EXERCISE DIRECTIONS: Type the records that follow again exactly as written, but drop the pictures.

Saved entries:
· · · · ·
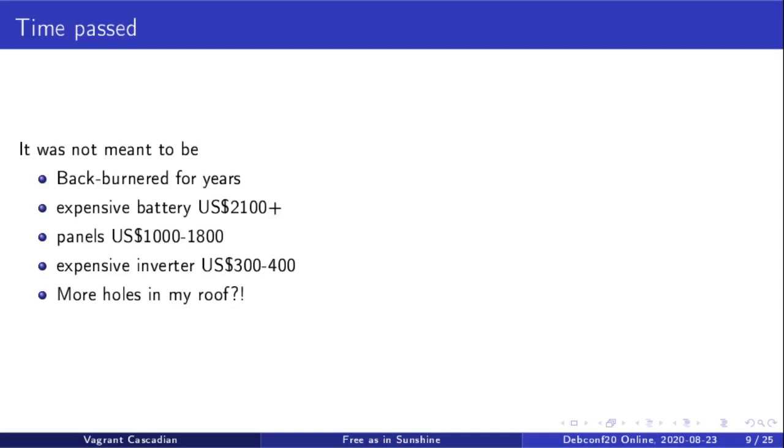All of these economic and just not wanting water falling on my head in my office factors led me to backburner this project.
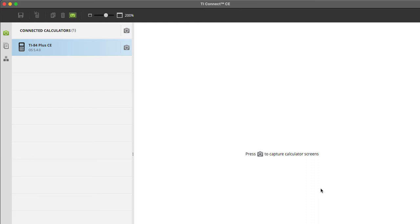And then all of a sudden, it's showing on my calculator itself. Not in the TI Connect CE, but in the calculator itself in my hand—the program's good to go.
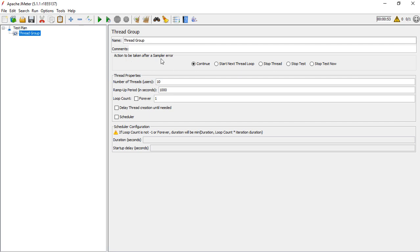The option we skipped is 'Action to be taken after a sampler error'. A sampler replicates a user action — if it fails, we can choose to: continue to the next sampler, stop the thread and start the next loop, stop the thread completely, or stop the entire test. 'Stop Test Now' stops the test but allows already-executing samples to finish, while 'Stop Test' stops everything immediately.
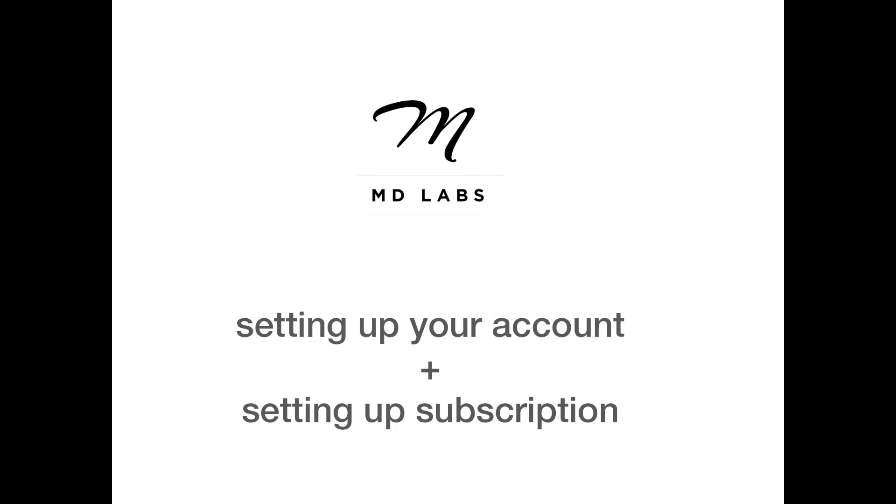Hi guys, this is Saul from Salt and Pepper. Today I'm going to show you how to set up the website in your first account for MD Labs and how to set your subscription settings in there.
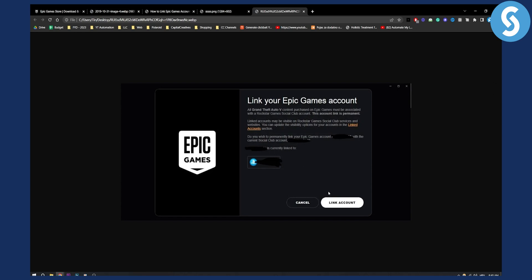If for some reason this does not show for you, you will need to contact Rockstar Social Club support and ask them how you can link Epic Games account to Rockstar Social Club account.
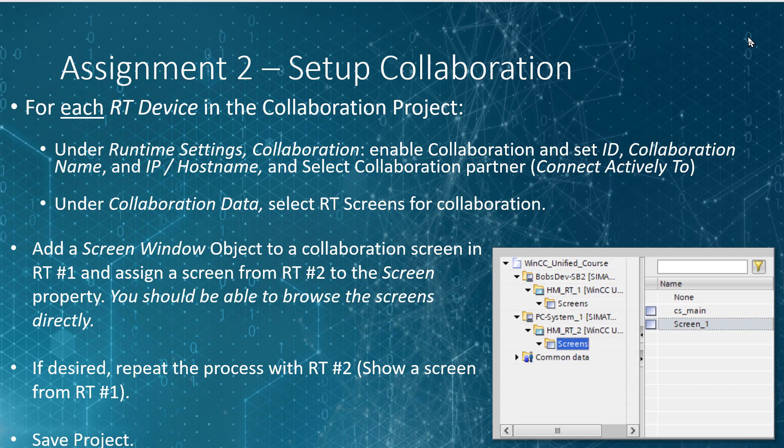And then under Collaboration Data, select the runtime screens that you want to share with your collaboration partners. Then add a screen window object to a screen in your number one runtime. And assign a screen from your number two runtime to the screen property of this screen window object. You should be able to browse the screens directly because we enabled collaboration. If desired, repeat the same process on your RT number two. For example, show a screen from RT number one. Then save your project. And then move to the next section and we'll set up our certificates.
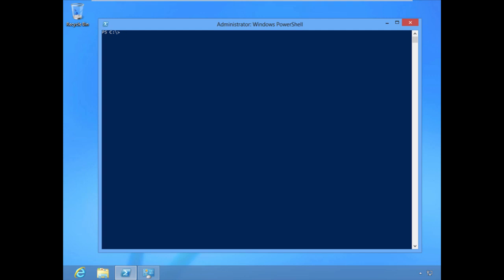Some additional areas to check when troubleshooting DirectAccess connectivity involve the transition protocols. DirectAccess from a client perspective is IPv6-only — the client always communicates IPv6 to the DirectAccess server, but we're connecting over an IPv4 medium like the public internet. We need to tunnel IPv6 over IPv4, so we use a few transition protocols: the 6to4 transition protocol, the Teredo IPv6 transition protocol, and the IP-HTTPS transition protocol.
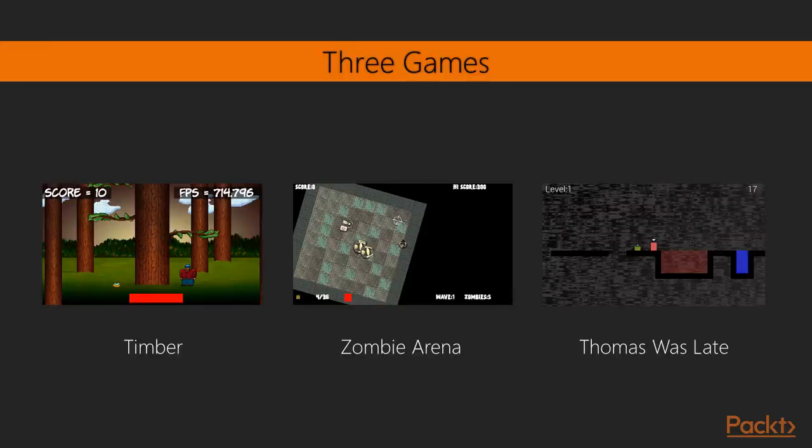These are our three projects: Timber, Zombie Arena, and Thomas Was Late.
· · · · ·
TASK ANSWER:
All of these economic and just not wanting water falling on my head in my office factors led me to backburner this project.
And then all of a sudden, it's showing on my calculator itself. Not in the TI Connect CE, but in the calculator itself in my hand—the program's good to go.
The option we skipped is 'Action to be taken after a sampler error'. A sampler replicates a user action — if it fails, we can choose to: continue to the next sampler, stop the thread and start the next loop, stop the thread completely, or stop the entire test. 'Stop Test Now' stops the test but allows already-executing samples to finish, while 'Stop Test' stops everything immediately.
Hi guys, this is Saul from Salt and Pepper. Today I'm going to show you how to set up the website in your first account for MD Labs and how to set your subscription settings in there.
If for some reason this does not show for you, you will need to contact Rockstar Social Club support and ask them how you can link Epic Games account to Rockstar Social Club account.
And then under Collaboration Data, select the runtime screens that you want to share with your collaboration partners. Then add a screen window object to a screen in your number one runtime. And assign a screen from your number two runtime to the screen property of this screen window object. You should be able to browse the screens directly because we enabled collaboration. If desired, repeat the same process on your RT number two. For example, show a screen from RT number one. Then save your project. And then move to the next section and we'll set up our certificates.
Some additional areas to check when troubleshooting DirectAccess connectivity involve the transition protocols. DirectAccess from a client perspective is IPv6-only — the client always communicates IPv6 to the DirectAccess server, but we're connecting over an IPv4 medium like the public internet. We need to tunnel IPv6 over IPv4, so we use a few transition protocols: the 6to4 transition protocol, the Teredo IPv6 transition protocol, and the IP-HTTPS transition protocol.
These are our three projects: Timber, Zombie Arena, and Thomas Was Late.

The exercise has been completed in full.